## The task
From the records below, set down exactly the lines starting with the line that contains "The bottle of perfume next to the box" and going on through the line that contains "A person holds". Nothing else is wanted.

## Data listing
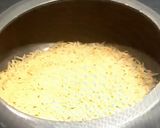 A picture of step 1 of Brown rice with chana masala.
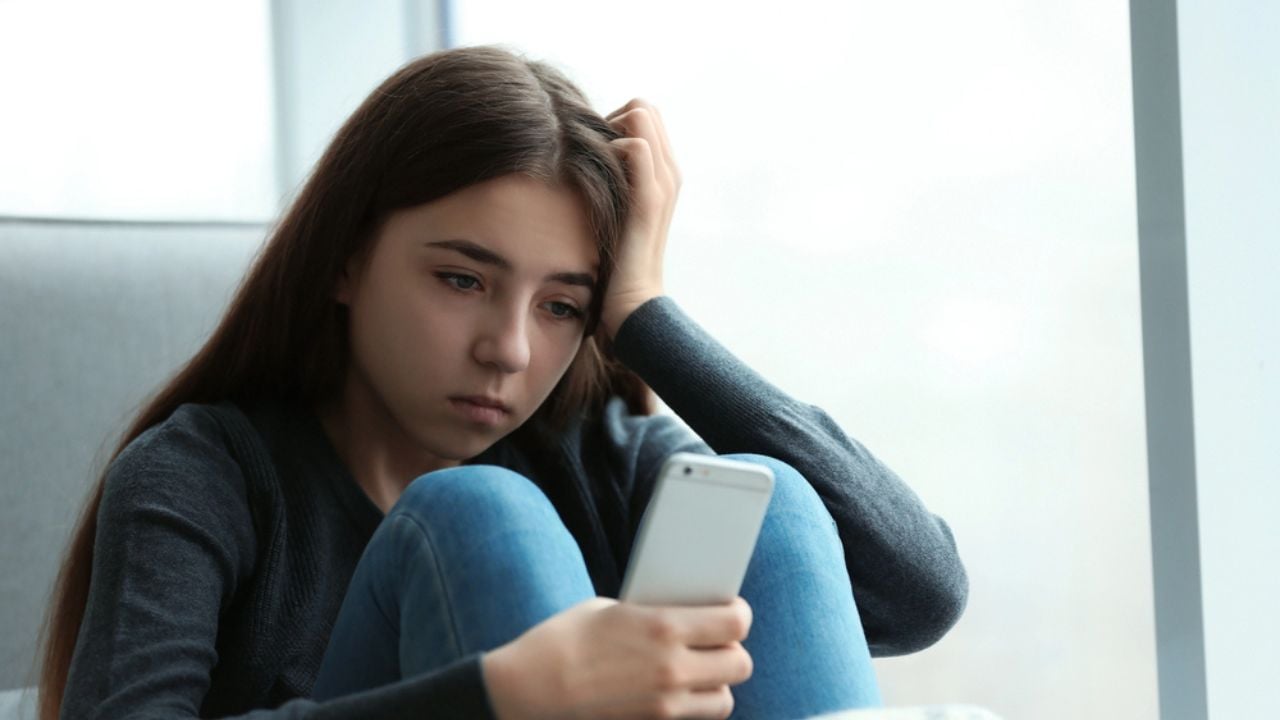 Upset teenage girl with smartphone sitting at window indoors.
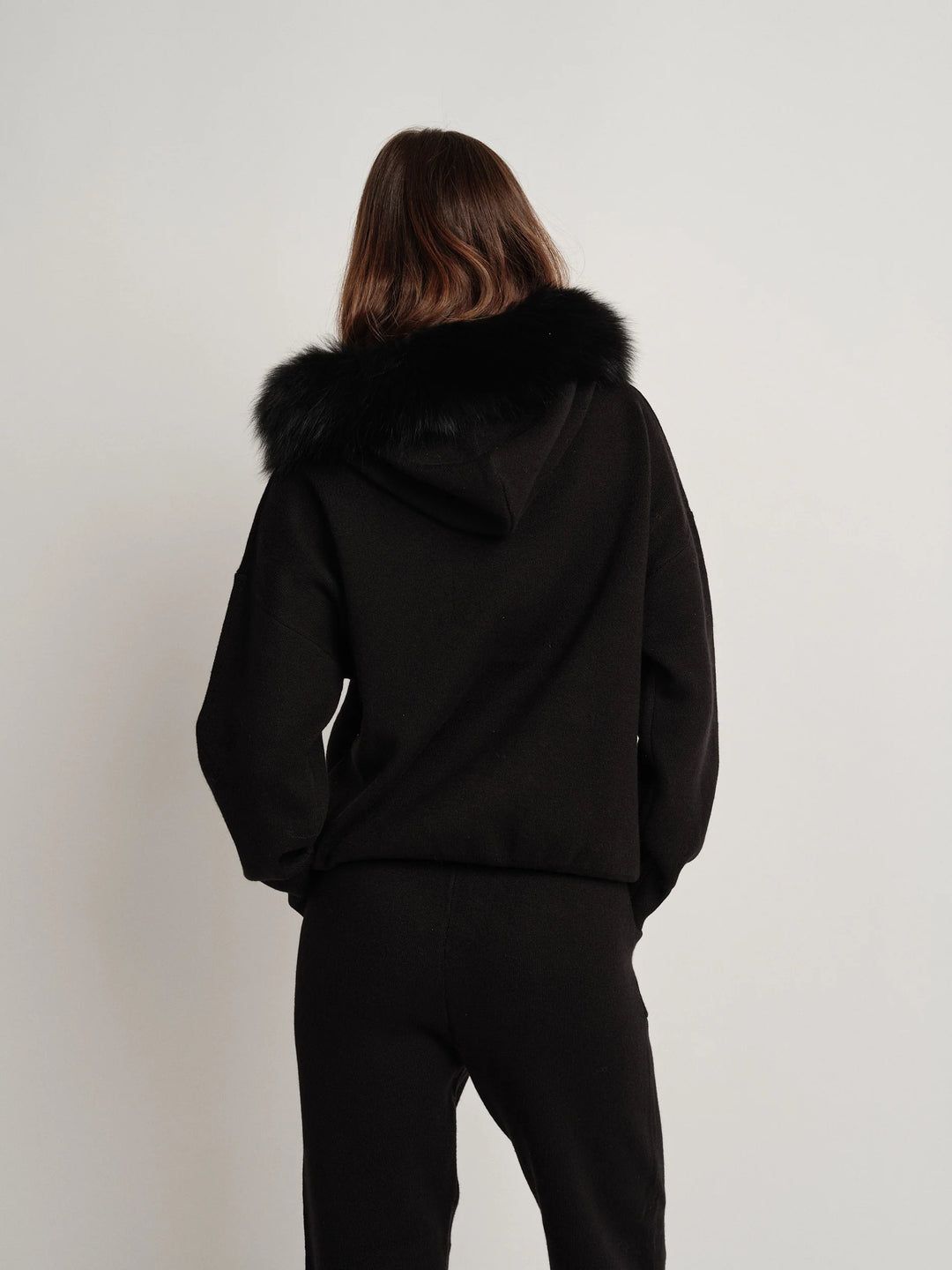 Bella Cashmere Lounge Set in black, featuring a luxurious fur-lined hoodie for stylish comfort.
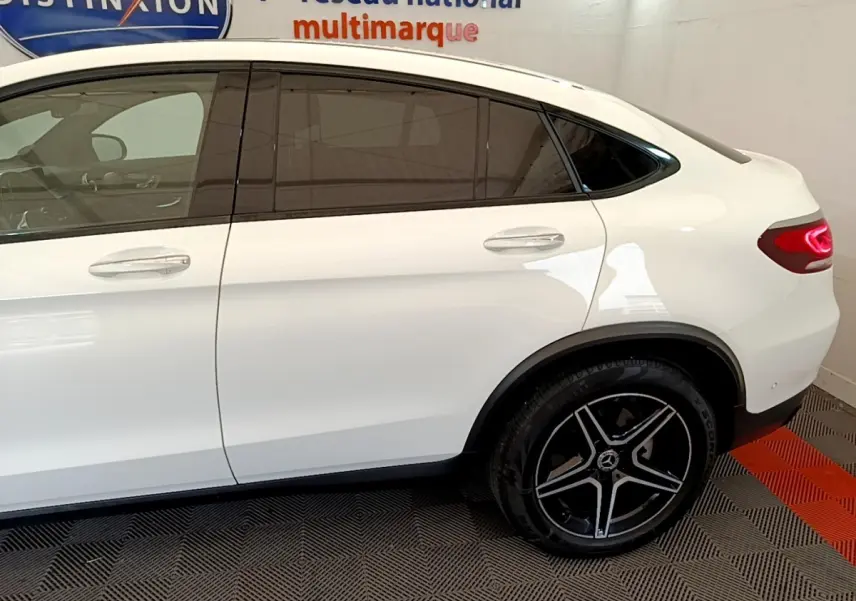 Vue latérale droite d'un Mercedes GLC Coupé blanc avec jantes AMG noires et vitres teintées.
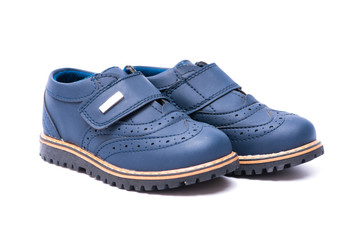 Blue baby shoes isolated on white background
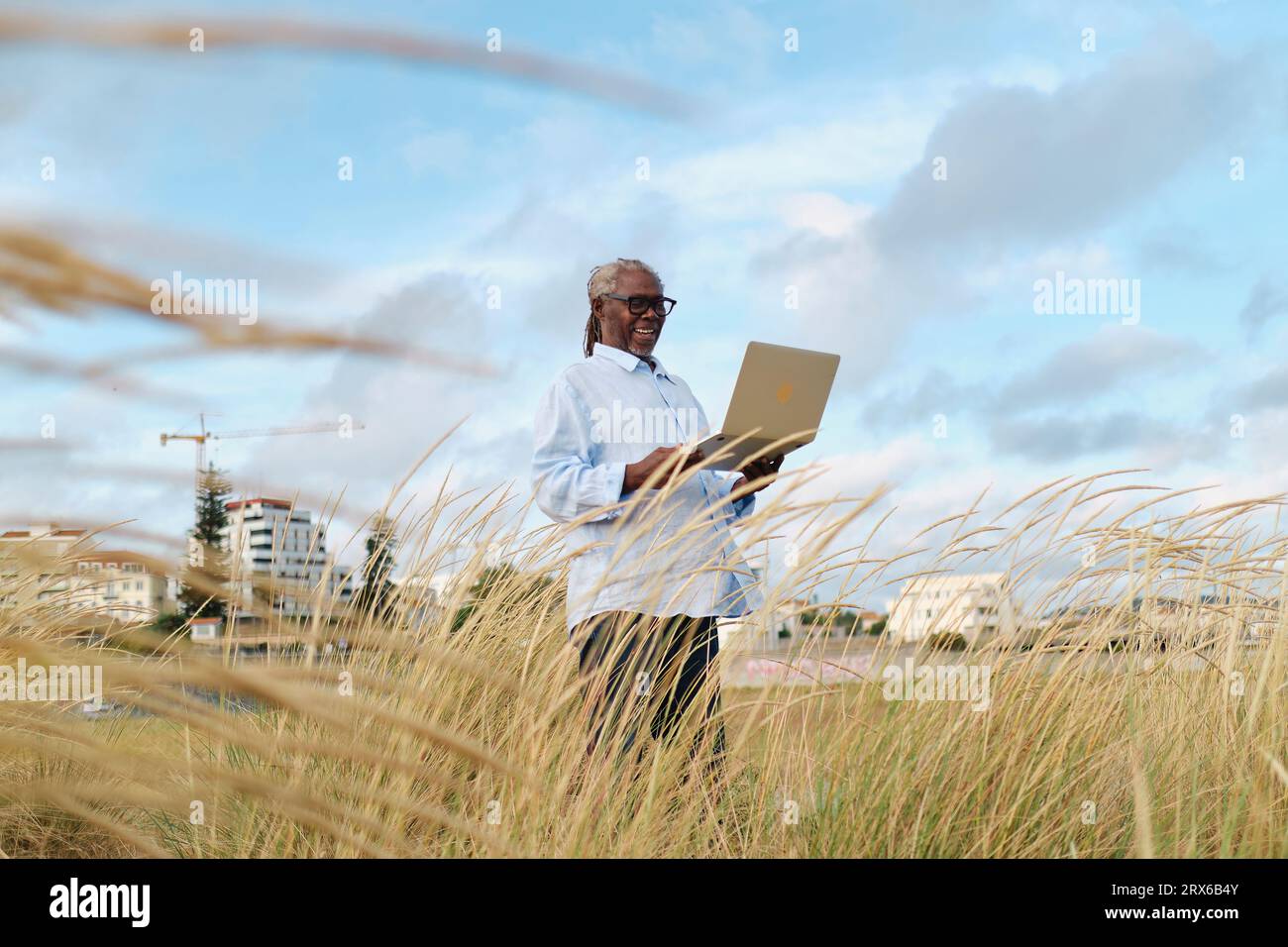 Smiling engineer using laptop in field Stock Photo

==

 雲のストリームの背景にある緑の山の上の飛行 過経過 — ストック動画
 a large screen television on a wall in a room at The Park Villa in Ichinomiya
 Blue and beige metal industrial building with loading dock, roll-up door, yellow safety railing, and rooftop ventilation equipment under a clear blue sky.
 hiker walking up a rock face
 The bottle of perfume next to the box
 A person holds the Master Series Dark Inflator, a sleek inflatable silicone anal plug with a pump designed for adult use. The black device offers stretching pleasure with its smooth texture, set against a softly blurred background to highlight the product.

...

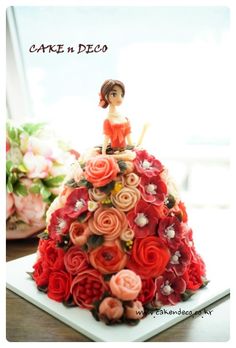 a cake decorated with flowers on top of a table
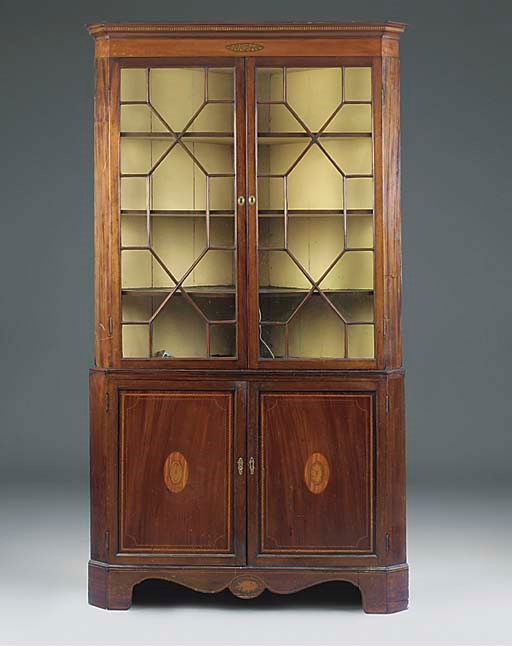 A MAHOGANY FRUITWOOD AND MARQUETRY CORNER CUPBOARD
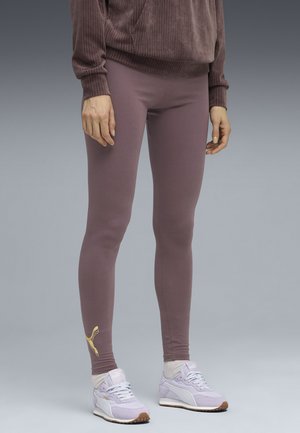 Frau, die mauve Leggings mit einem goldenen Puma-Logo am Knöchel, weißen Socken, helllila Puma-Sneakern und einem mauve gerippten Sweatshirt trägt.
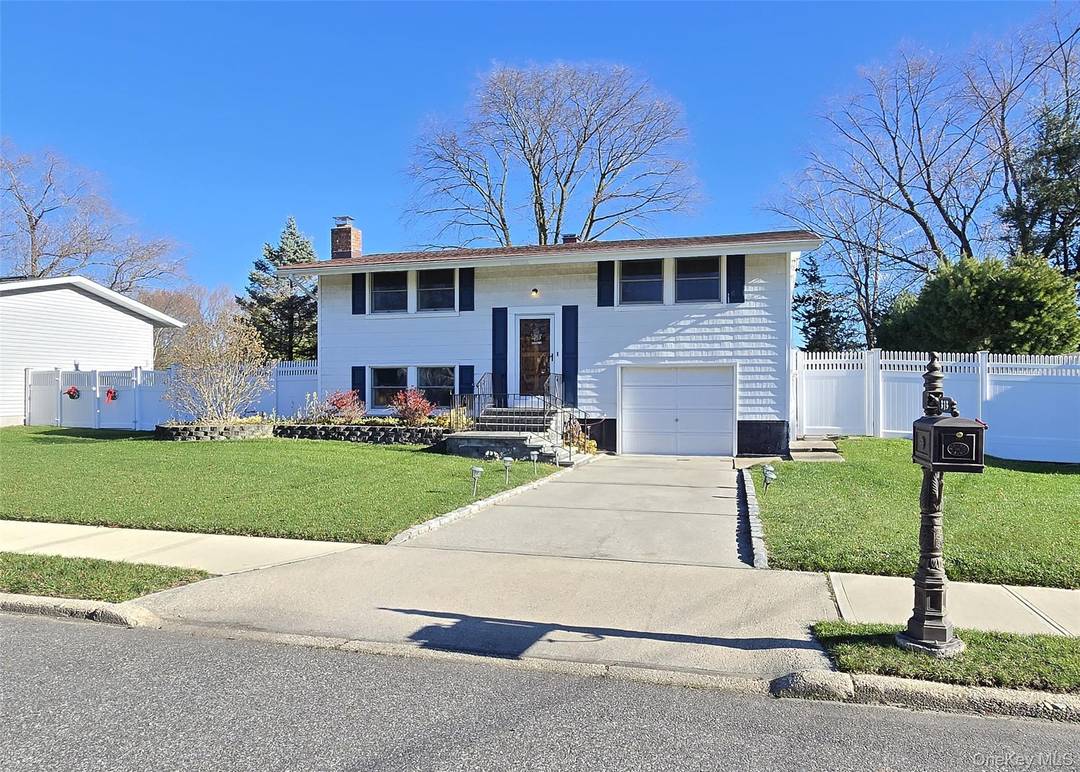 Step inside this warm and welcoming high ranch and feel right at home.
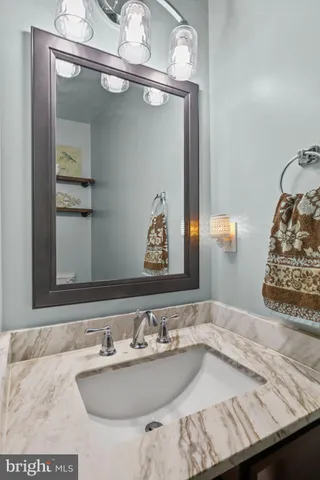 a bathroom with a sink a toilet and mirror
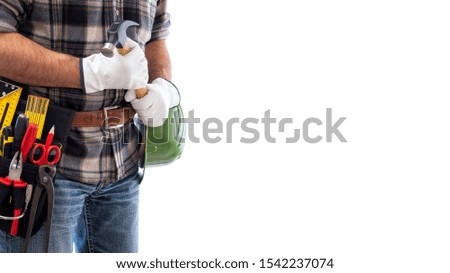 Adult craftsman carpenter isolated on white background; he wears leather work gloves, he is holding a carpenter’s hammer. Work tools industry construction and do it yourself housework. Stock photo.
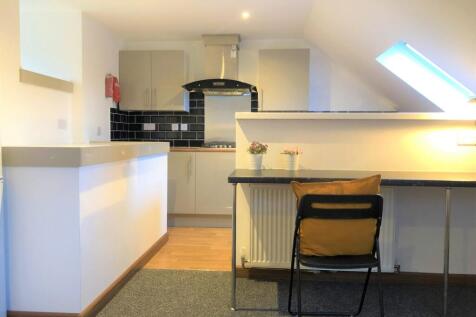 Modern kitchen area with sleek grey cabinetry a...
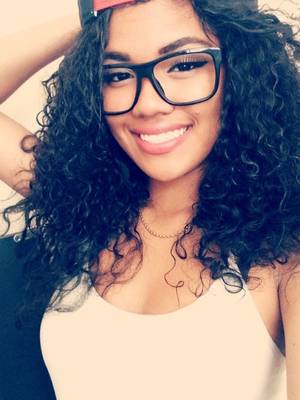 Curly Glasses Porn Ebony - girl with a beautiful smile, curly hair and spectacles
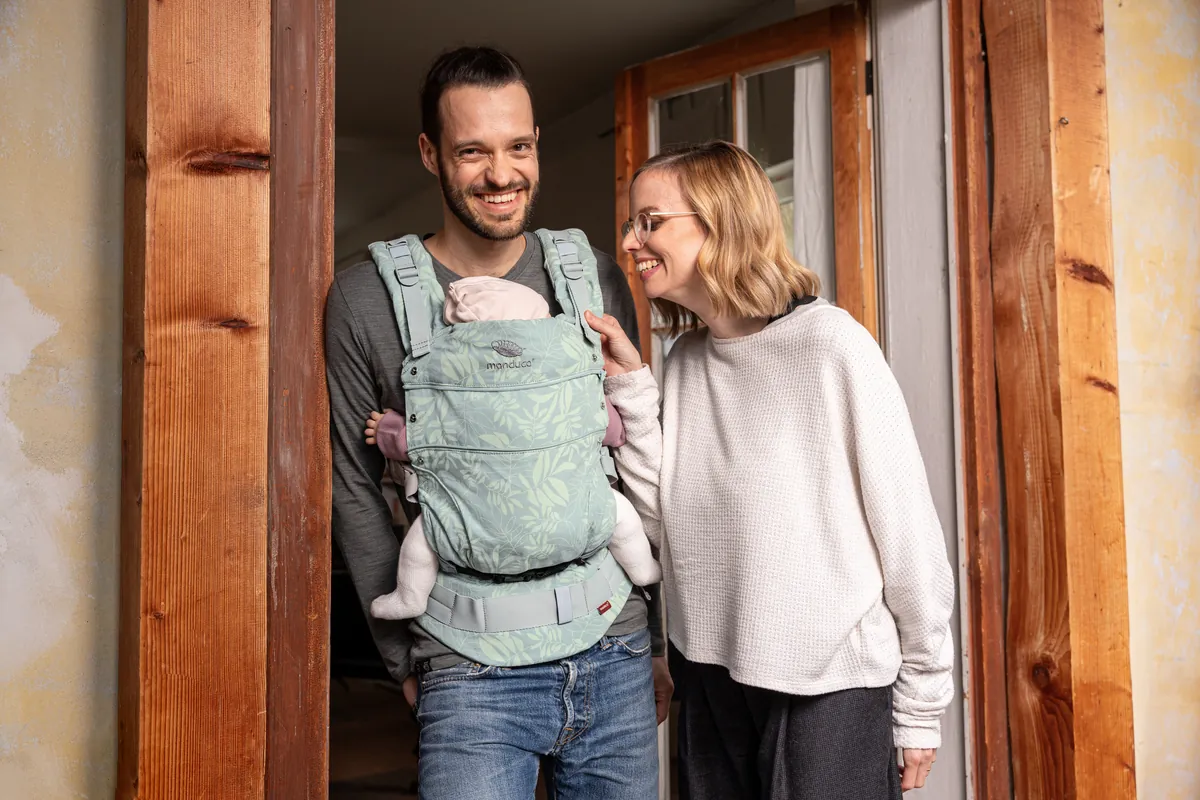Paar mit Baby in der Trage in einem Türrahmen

## Answer
 The bottle of perfume next to the box
 A person holds the Master Series Dark Inflator, a sleek inflatable silicone anal plug with a pump designed for adult use. The black device offers stretching pleasure with its smooth texture, set against a softly blurred background to highlight the product.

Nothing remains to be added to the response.